__Data__:
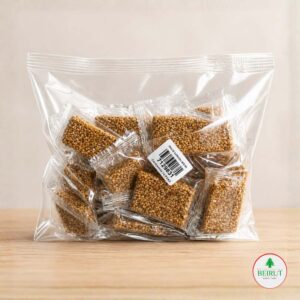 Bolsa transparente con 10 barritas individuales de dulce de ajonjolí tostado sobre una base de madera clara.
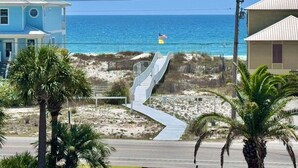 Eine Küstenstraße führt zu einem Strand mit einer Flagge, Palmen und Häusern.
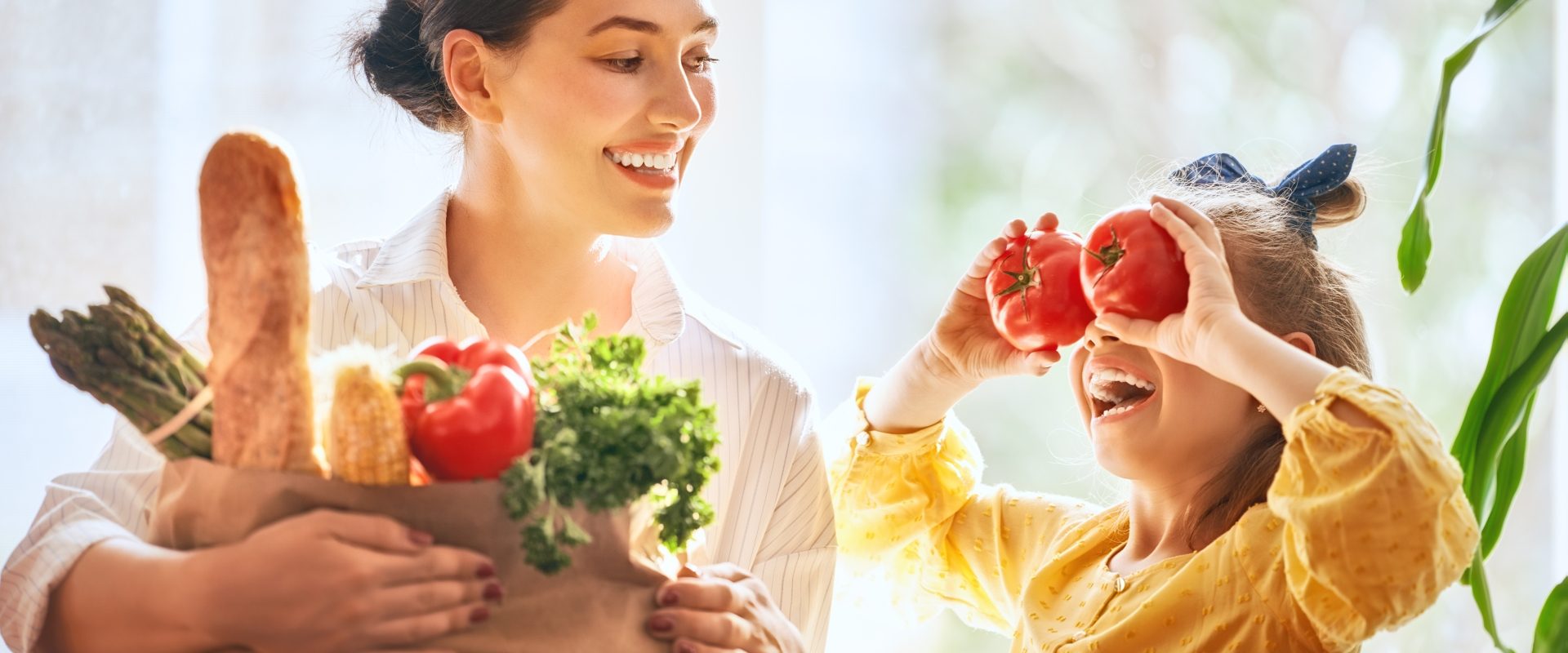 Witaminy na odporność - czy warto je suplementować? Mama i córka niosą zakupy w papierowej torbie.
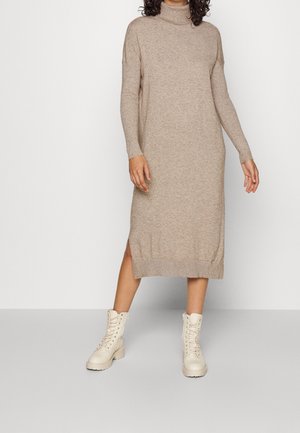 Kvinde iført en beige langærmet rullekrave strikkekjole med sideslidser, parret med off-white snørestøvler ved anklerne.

__Your task__: An exact copy of the listing is required, with every image removed.

__Response to this exercise__:
 Bolsa transparente con 10 barritas individuales de dulce de ajonjolí tostado sobre una base de madera clara.
 Eine Küstenstraße führt zu einem Strand mit einer Flagge, Palmen und Häusern.
 Witaminy na odporność - czy warto je suplementować? Mama i córka niosą zakupy w papierowej torbie.
 Kvinde iført en beige langærmet rullekrave strikkekjole med sideslidser, parret med off-white snørestøvler ved anklerne.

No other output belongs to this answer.